Drum dancing has been a part of Inuit culture for decades. The songs (Pihit) have been passed down through generations and are the stories of hunting trips, hardships and celebration. Pamela Inuktalik and Nancy Kadlun, residents of Kugluktuk use this tool to keep themselves grounded and closer to their Elders.

Andrew Atatahak arrives from work to showcase his talent in Kugluktuk.
Rita Pigalak/NNSL photos

Nancy Kadlun, originally from Bathurst Inlet, moved to Kugluktuk over twenty years ago where she then found employment with the Elders Centre where the Brighter Futures Program took place.

“I always wanted to learn to drum and dance as a young girl but was always too shy, they danced at the Elder’s Centre, so with help from (my late father) Inuktalik, Martha Ayaligak and Niptanatiak I was able to learn.” said Nancy.

Pamela Inuktalik, originally from Uluhaktok, has made her home in Kugluktuk for many years now. Pamela began her drumming and dancing five years ago. It was important to her to learn the songs of our Elders, that is when she approached Nancy to teach her the songs and drumming of our people. “I miss my late father Inuktalik, I needed to learn these songs to keep me closer to him.” said Pamela.

The two together have drummed and danced since, helping to teach those who want to learn the traditions of our people. They recently took part instructing a Learn to Dance Session that was put on by the Parks Department in Kugluktuk.

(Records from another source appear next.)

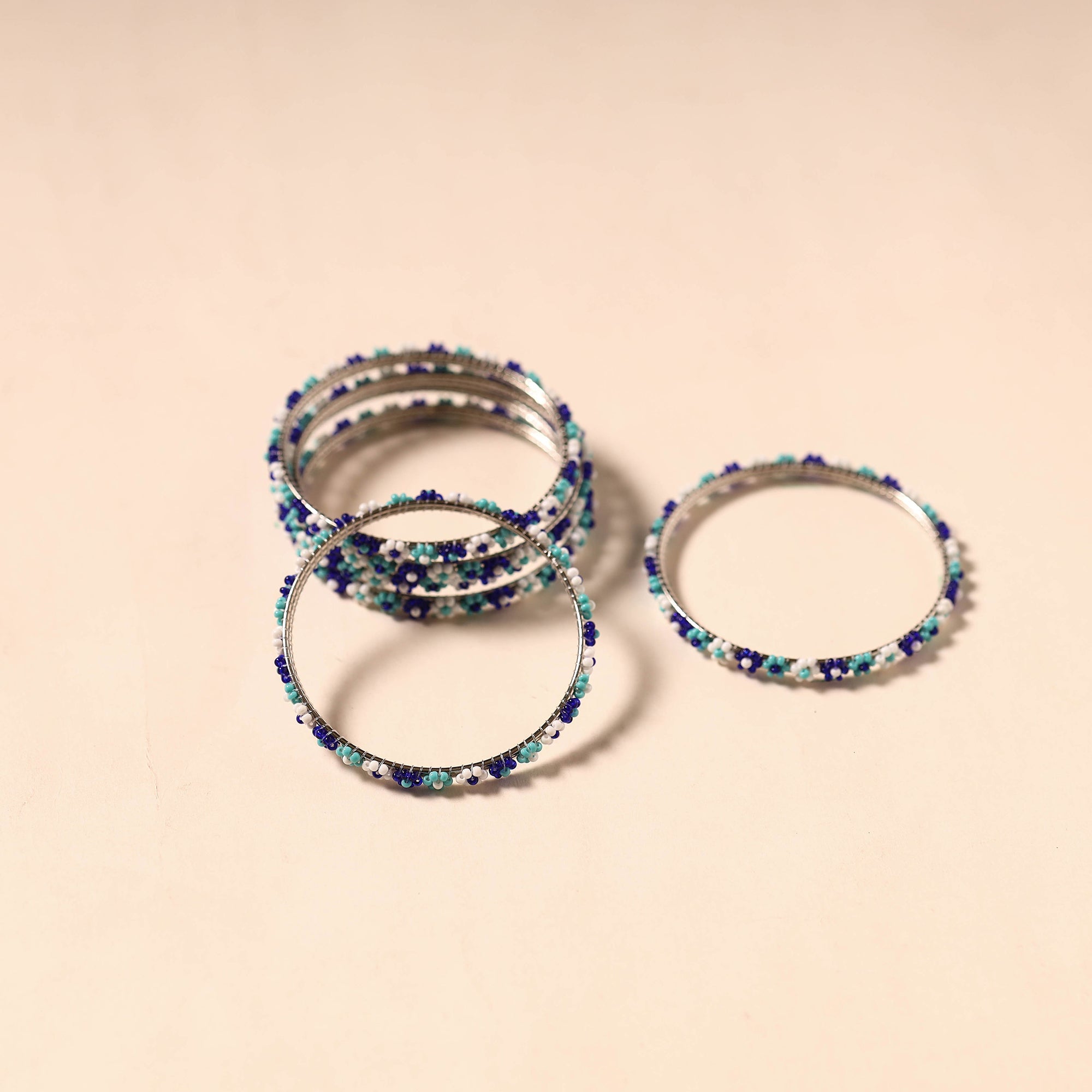 Multicolor - hapur flower beadwork bangles by aagaz (set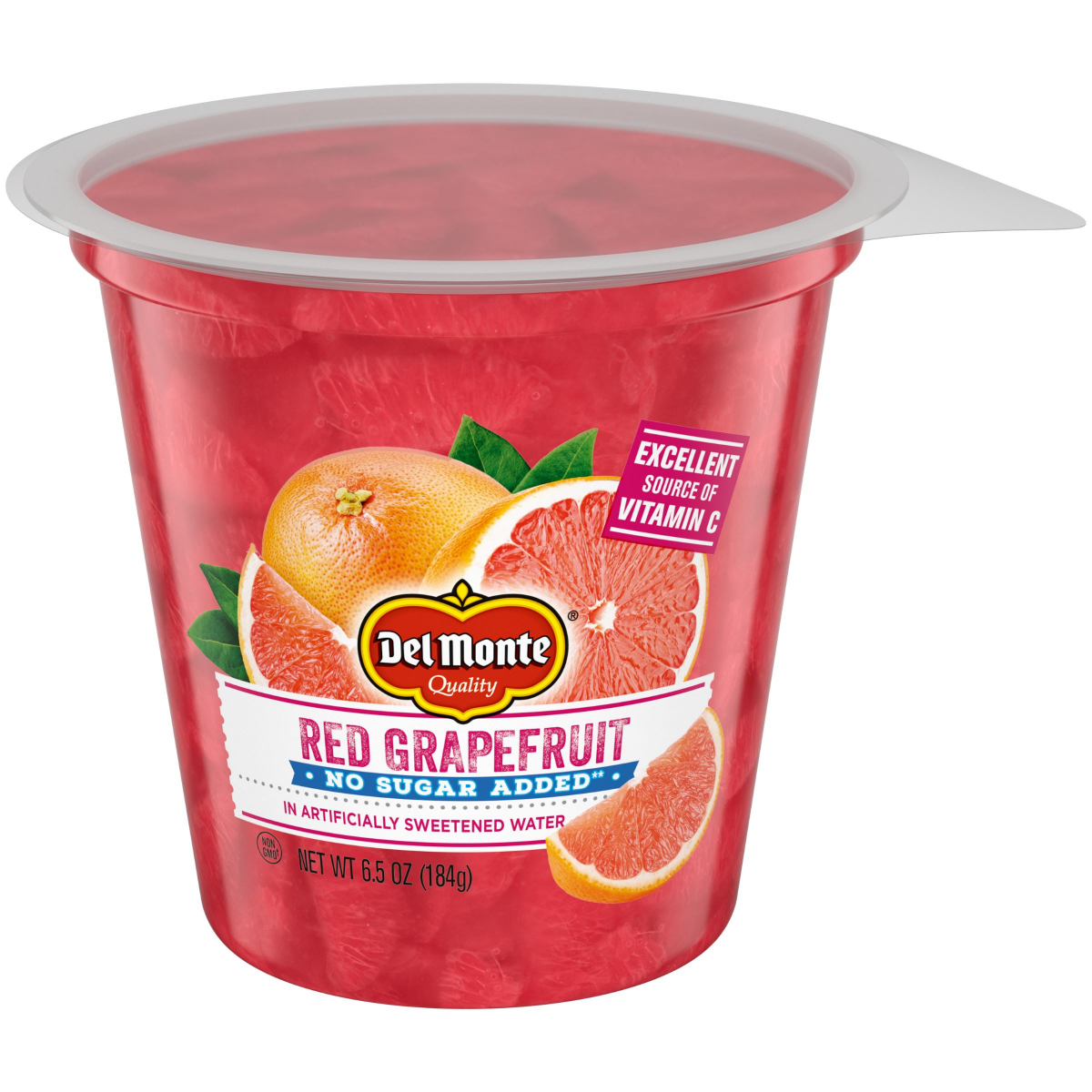 slide 1 of 5, Del Monte Red Grapefruit Fruit Cup Snacks, No Sugar Added, 6.5 oz, 6.5 oz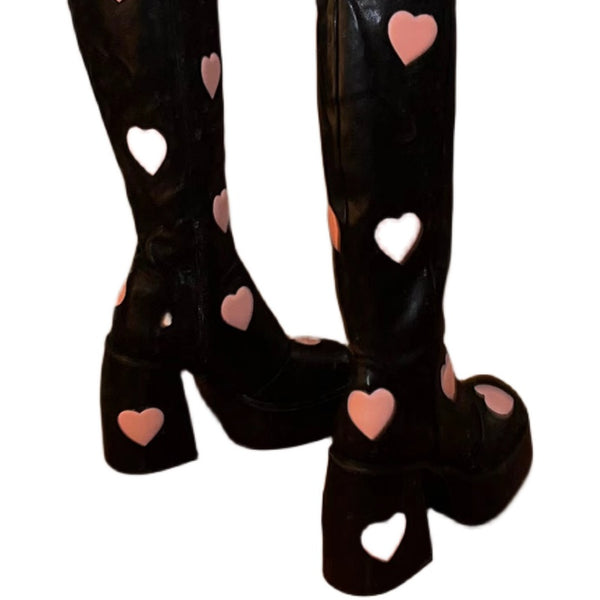 black heart high heel boots  KF83809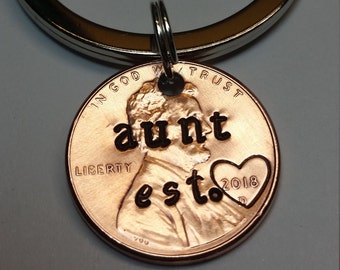 Personalized Gift, Penny Keychain, Gifts for Aunt, Custom Gifts for New Auntie, Gifts for Her, Birthday for aunt , Christmas Gift for Aunt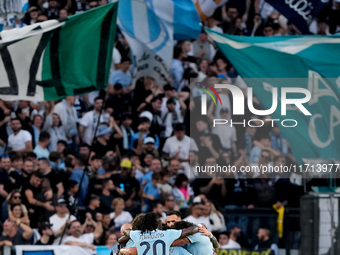 Matias Vecino of SS Lazio celebrates after scoring third goal during the Serie A Enilive match between SS Lazio and Genoa CF at Stadio Olimp...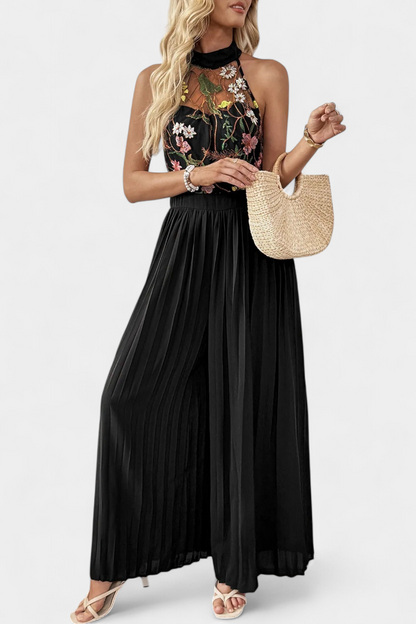 Maruja™ -  Floral Lace Halter Jumpsuit with Pleated Palazzo Pants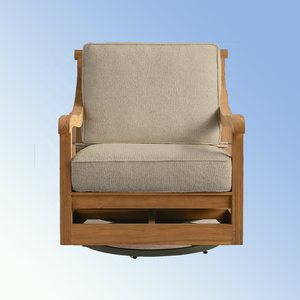 Sillón Giratorio de Madera Maciza Sostenible <span class=keywords><strong>para</strong></span> <span class=keywords><strong>Terraza</strong></span> Moderna con Esponja de Alta Densidad 45D, Mueble de Exterior Cómodo y Portátil - Product Image 1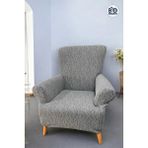 BAQDO Koltuk Örtüsü Kaliteli Pamuklu Jakarli Desen Çekyat-Streç Esnek Kanepe Kılıfı Yıkanabilir Tekli 1 Kişilik - 110 x 180 cm - Gri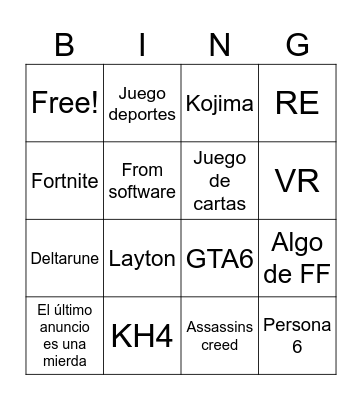 Sumer game fest Bingo Card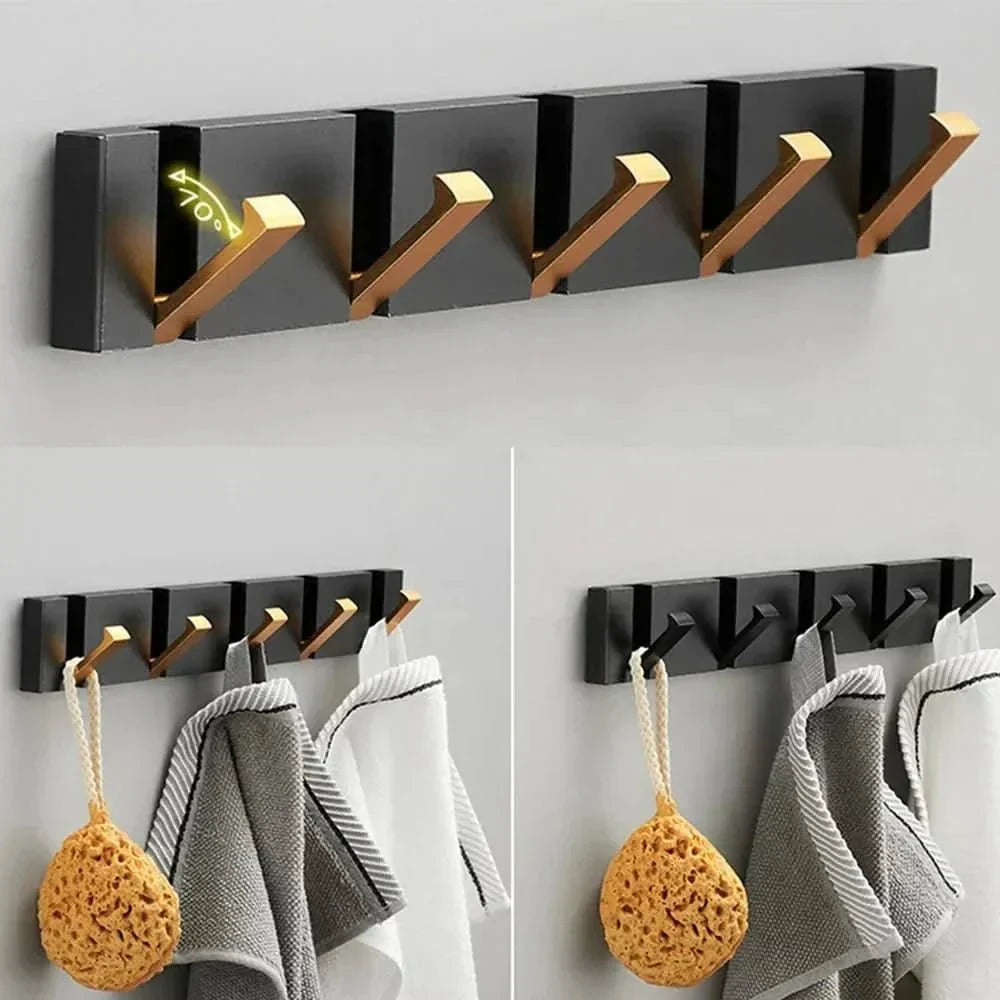 Stylish Stainless Steel Wall Hook – Foldable, Space-Saving Hanger for Bathroom and Living Areas – Gold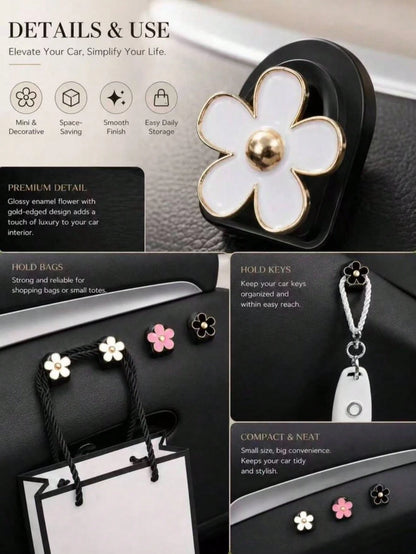 2Pcs Car Adhesive Mini Hooks, Flower Shaped Car Storage Hooks For Dashboard Storage And Home Use, Suitable For Hanging Bags, Keys, And Other Interior Decorative Accessories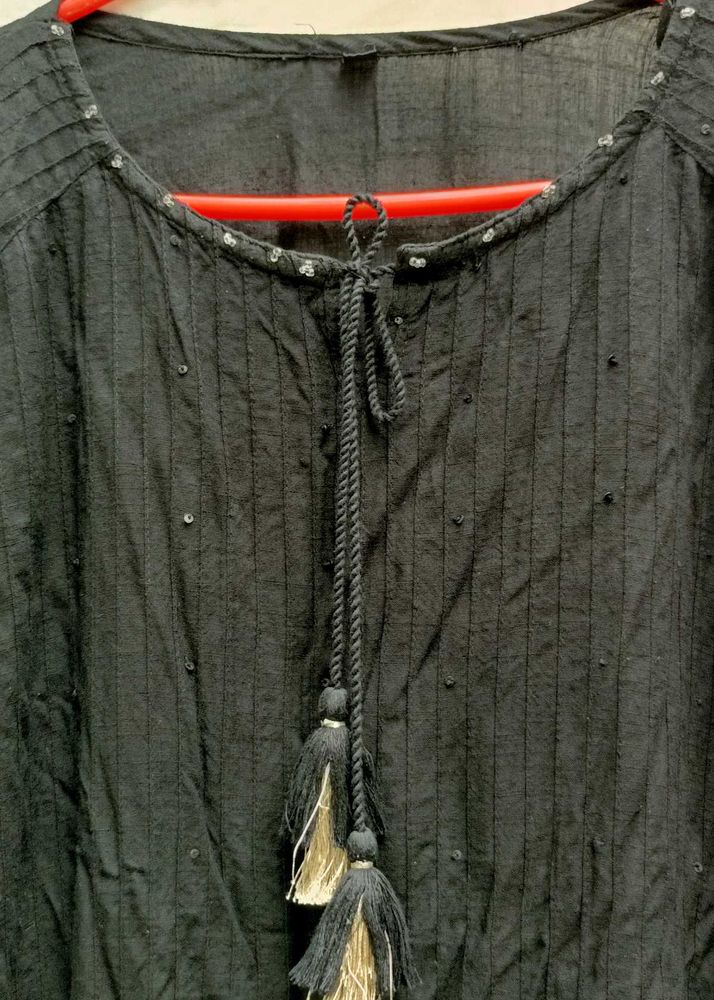 Black Kurta Top with Embellished Neckline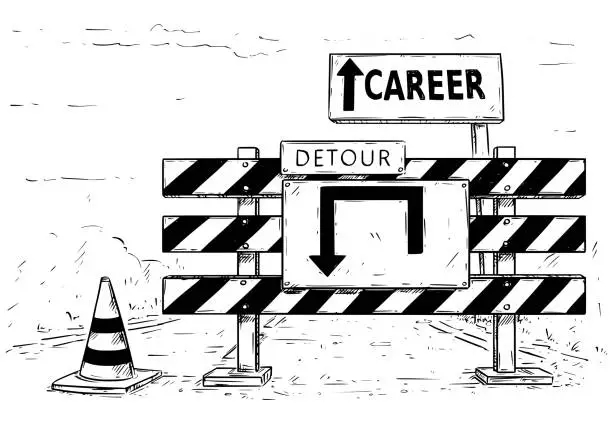 Vector illustration of Drawing of Detour Road Block with Career Sign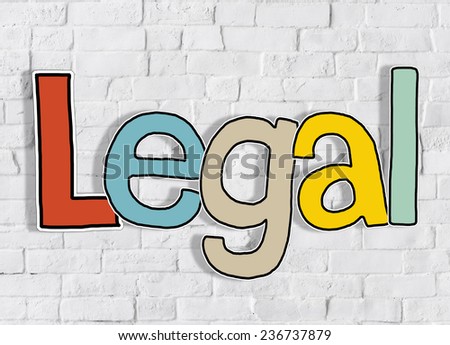 Legal Brick wall Single Word Text Background Clean Concept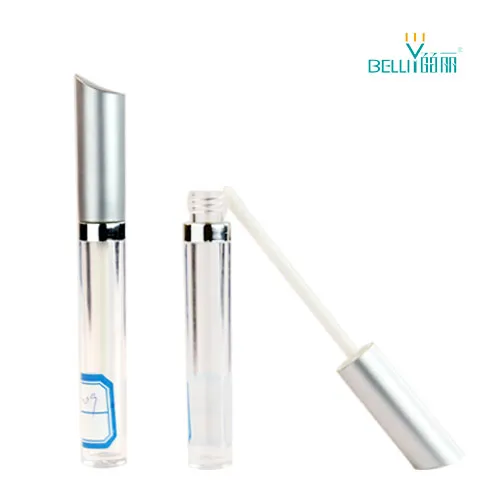 Empty transparent lip gloss container for makeup plastic packaging
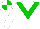 Silk - White body, big-green chevron, white arms, white cap, big-green quartered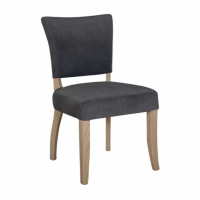 Duke Dark Grey Velvet Fabric Upholstery Kitchen Dining Room Chair Wooden Frame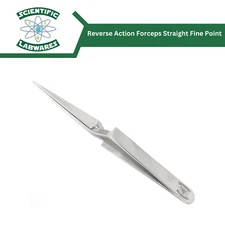 Scientific Labwares Stainless Steel Reverse Action Forceps Straight Fine Point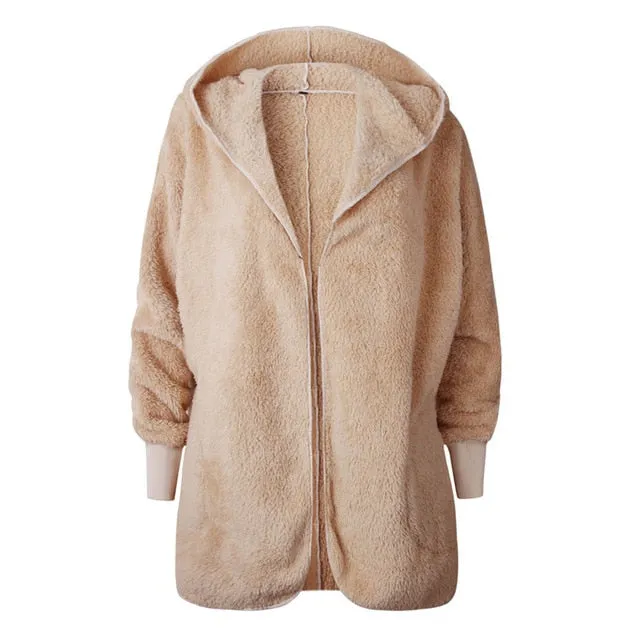 Trendy Women's Fluffy Faux Wool Cardigan With Hood For Autumn Winter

Jasmine Hikhaitok with baby in back picks up the drum without hesitation.
Pamela Inuktalik proudly displays her Pihik (song) book that was passed down to her by her late father.
Nancy Kadlun of Kugluktuk wears her beautiful Copper Inuit style outfit.
Young and old sit and sing together, from left, Mamie Oniak, Pamela Inuktalik, Priscilla Niptanatiak and Nancy Kadlun.